--- What the task requires ---
The data that follows is to be copied exactly, with each image removed.

--- Record extracts ---

__________________________________________________

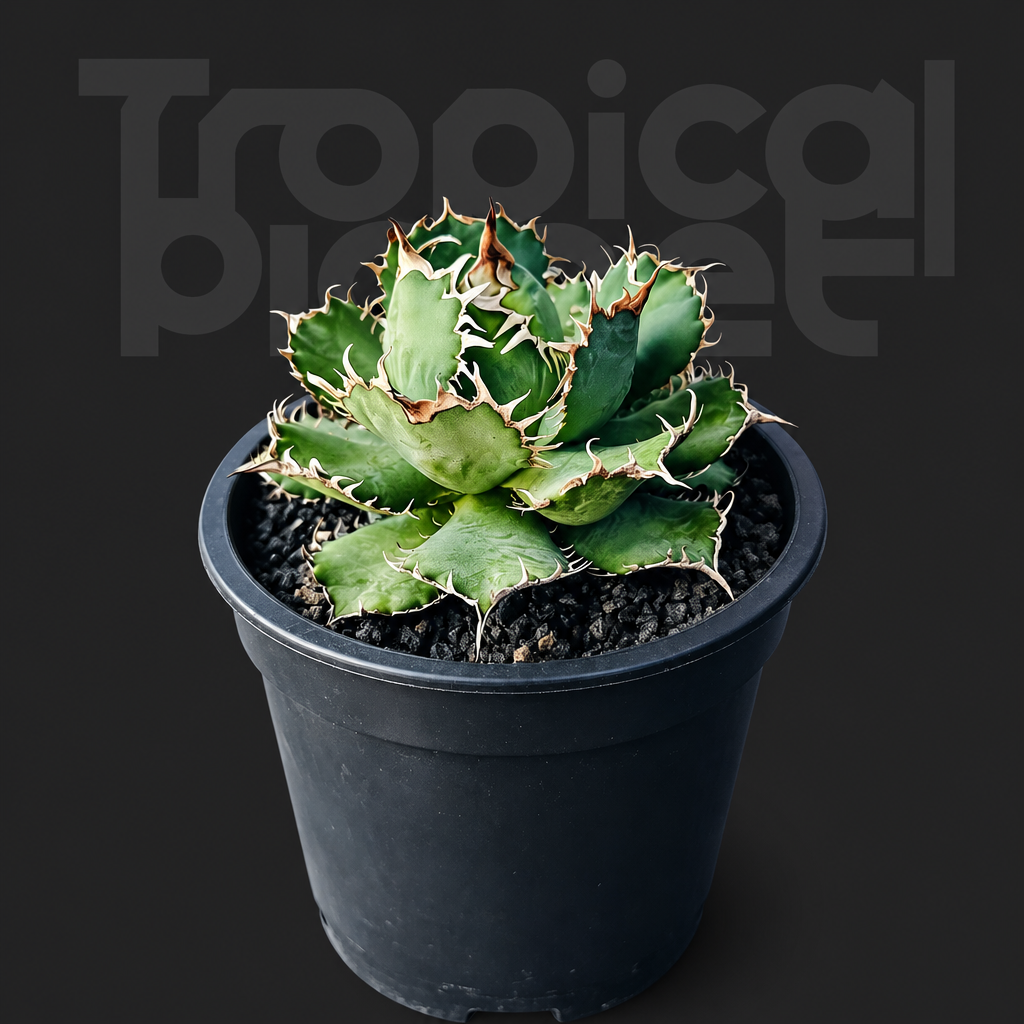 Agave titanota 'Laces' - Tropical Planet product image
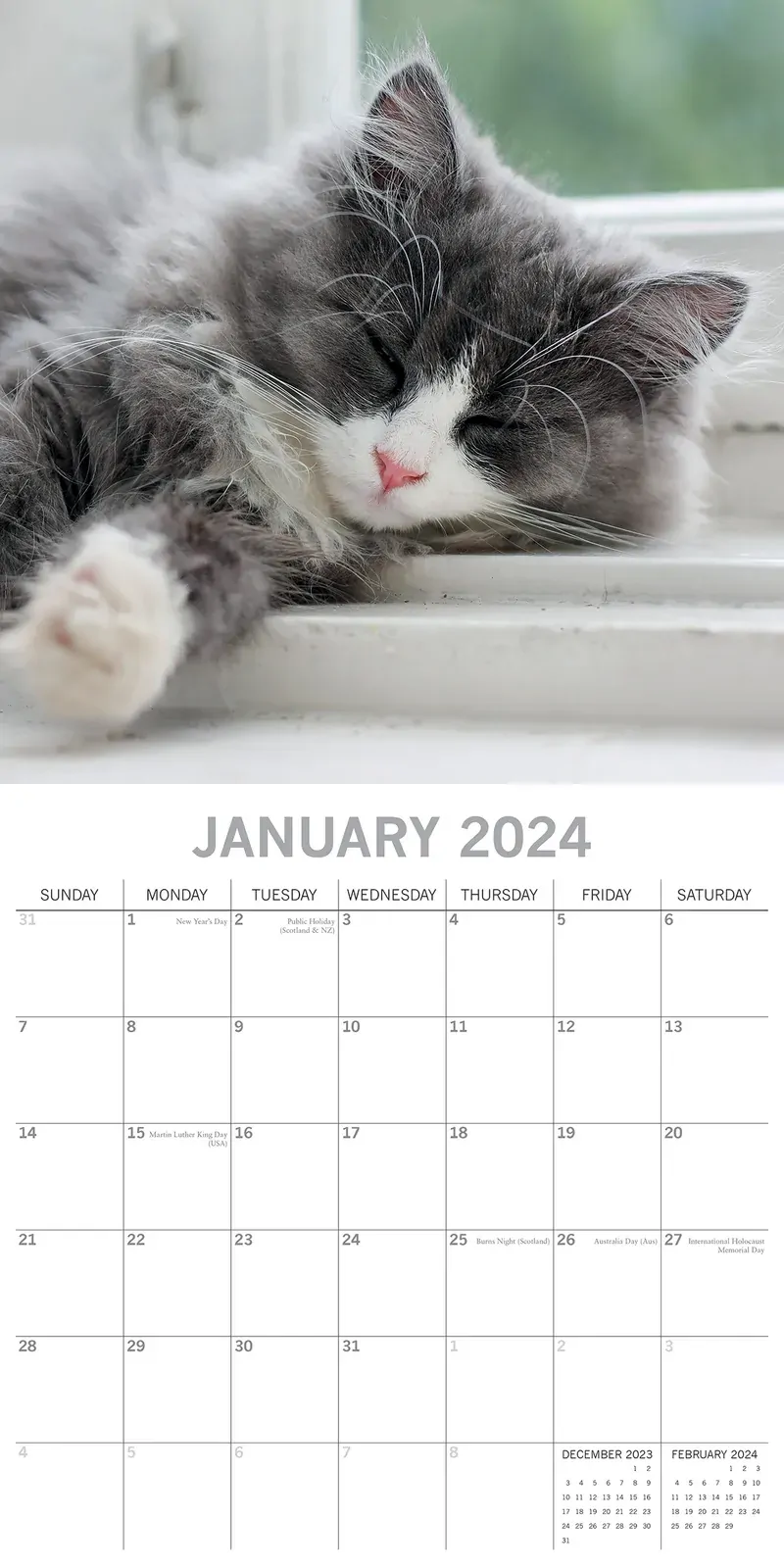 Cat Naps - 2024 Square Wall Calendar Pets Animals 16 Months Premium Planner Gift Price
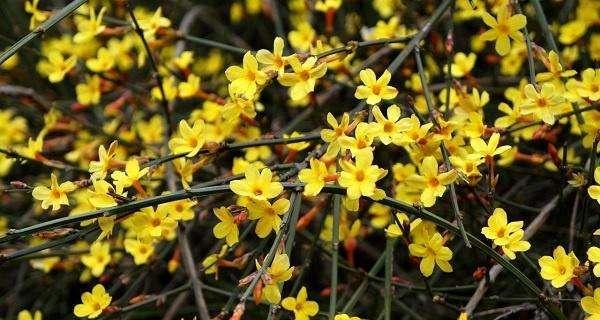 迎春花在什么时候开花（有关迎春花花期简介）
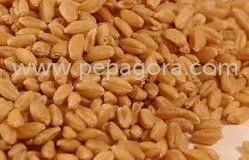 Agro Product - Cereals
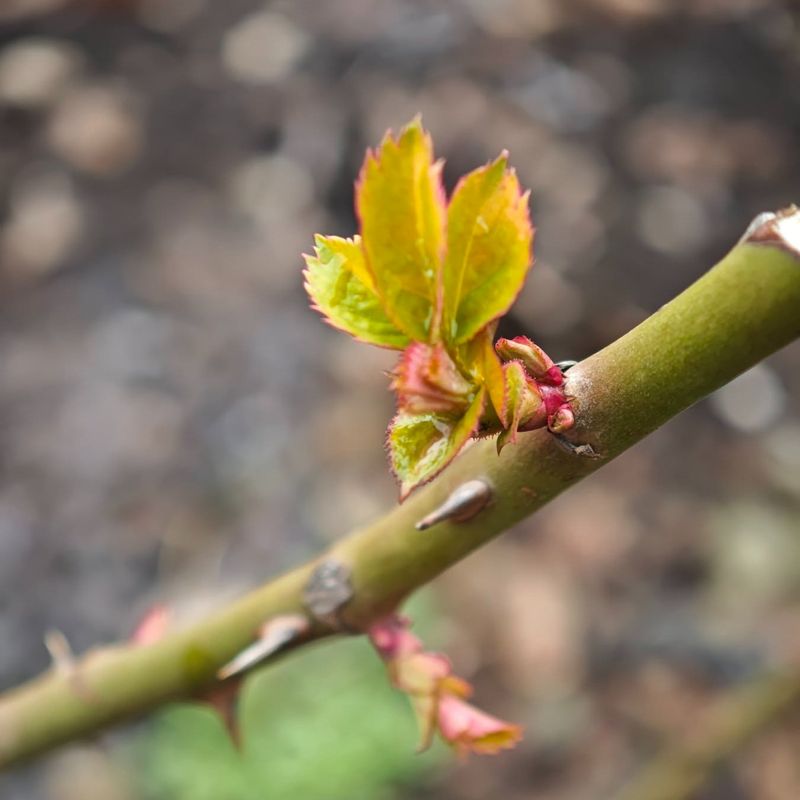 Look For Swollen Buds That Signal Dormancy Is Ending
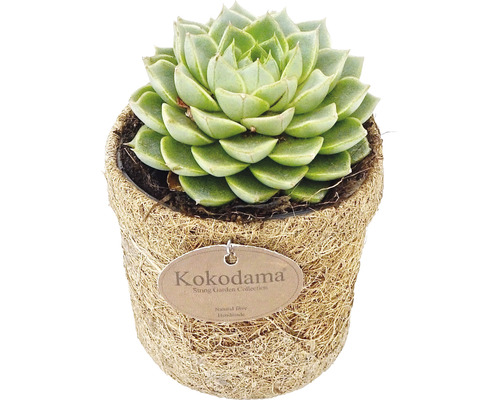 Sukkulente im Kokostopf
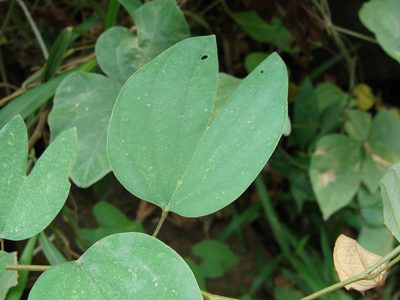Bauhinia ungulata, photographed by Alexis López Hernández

__________________________________________________

--- Result of this exercise ---
 Agave titanota 'Laces' - Tropical Planet product image
 Cat Naps - 2024 Square Wall Calendar Pets Animals 16 Months Premium Planner Gift Price
 迎春花在什么时候开花（有关迎春花花期简介）
 Agro Product - Cereals
 Look For Swollen Buds That Signal Dormancy Is Ending
 Sukkulente im Kokostopf
Bauhinia ungulata, photographed by Alexis López Hernández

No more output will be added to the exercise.